» **DIRECTIONS**
Work through the listing below and give again exactly the lines from the one with "Alternative view 4" to the one with "İcarəyə verilir 2", both ends included. All other lines and all pictures stay out.

» **STORED DATA**
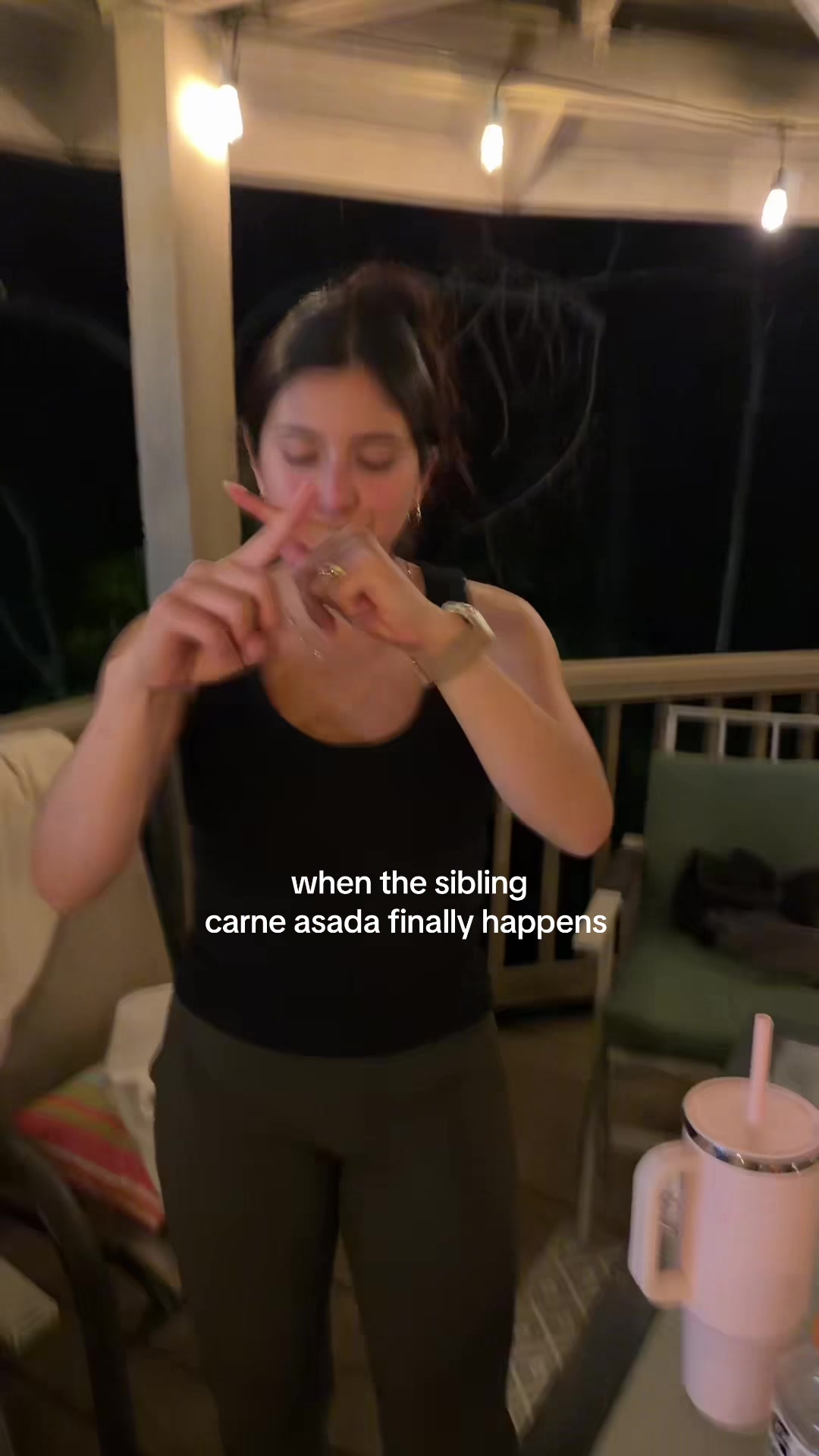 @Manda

...

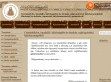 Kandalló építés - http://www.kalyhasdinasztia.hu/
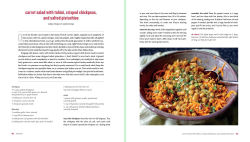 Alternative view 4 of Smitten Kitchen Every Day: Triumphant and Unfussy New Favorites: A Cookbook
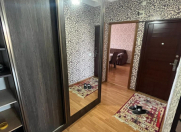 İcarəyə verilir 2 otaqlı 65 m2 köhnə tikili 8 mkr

...

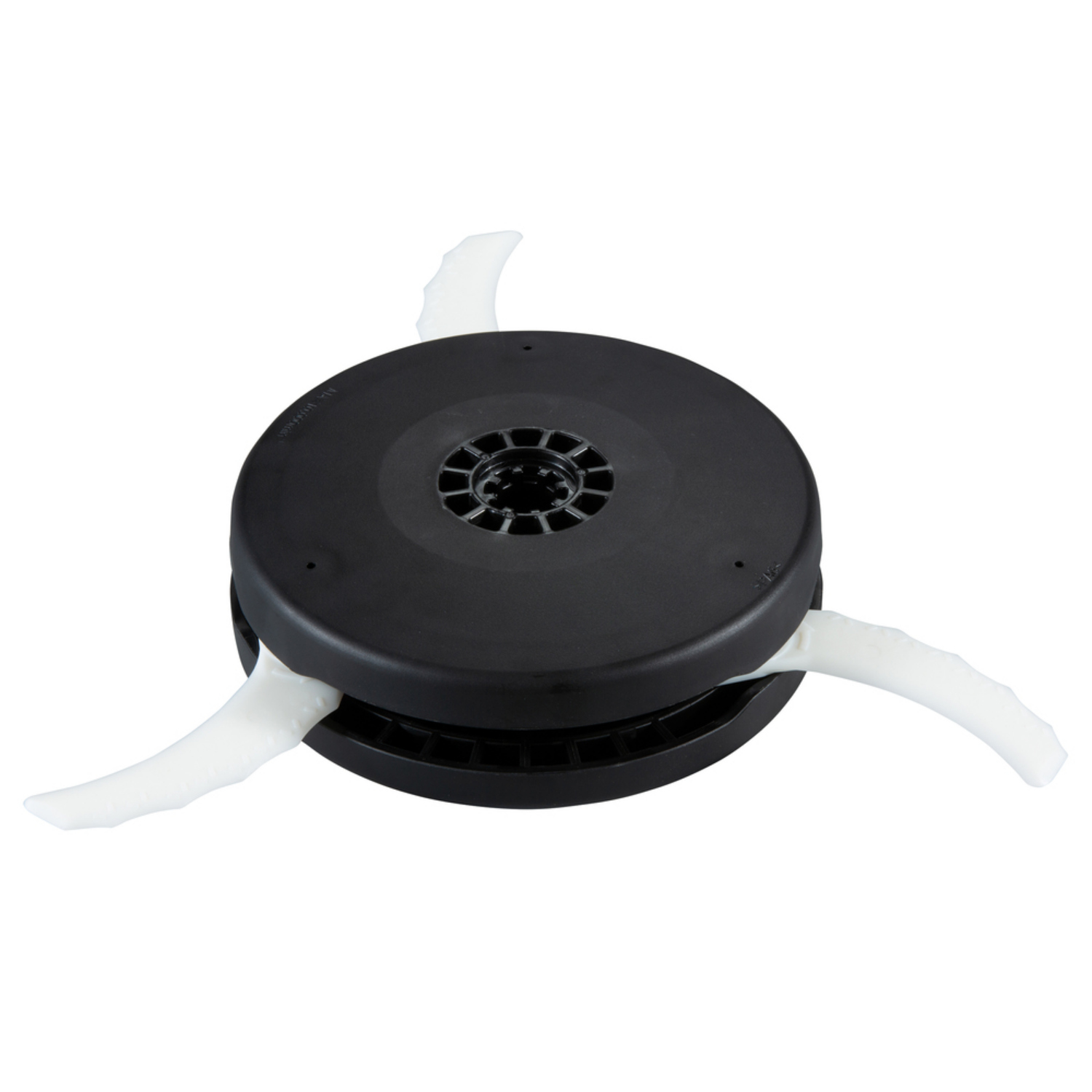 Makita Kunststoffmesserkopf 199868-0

» **EXERCISE RESULT**
 Alternative view 4 of Smitten Kitchen Every Day: Triumphant and Unfussy New Favorites: A Cookbook
 İcarəyə verilir 2 otaqlı 65 m2 köhnə tikili 8 mkr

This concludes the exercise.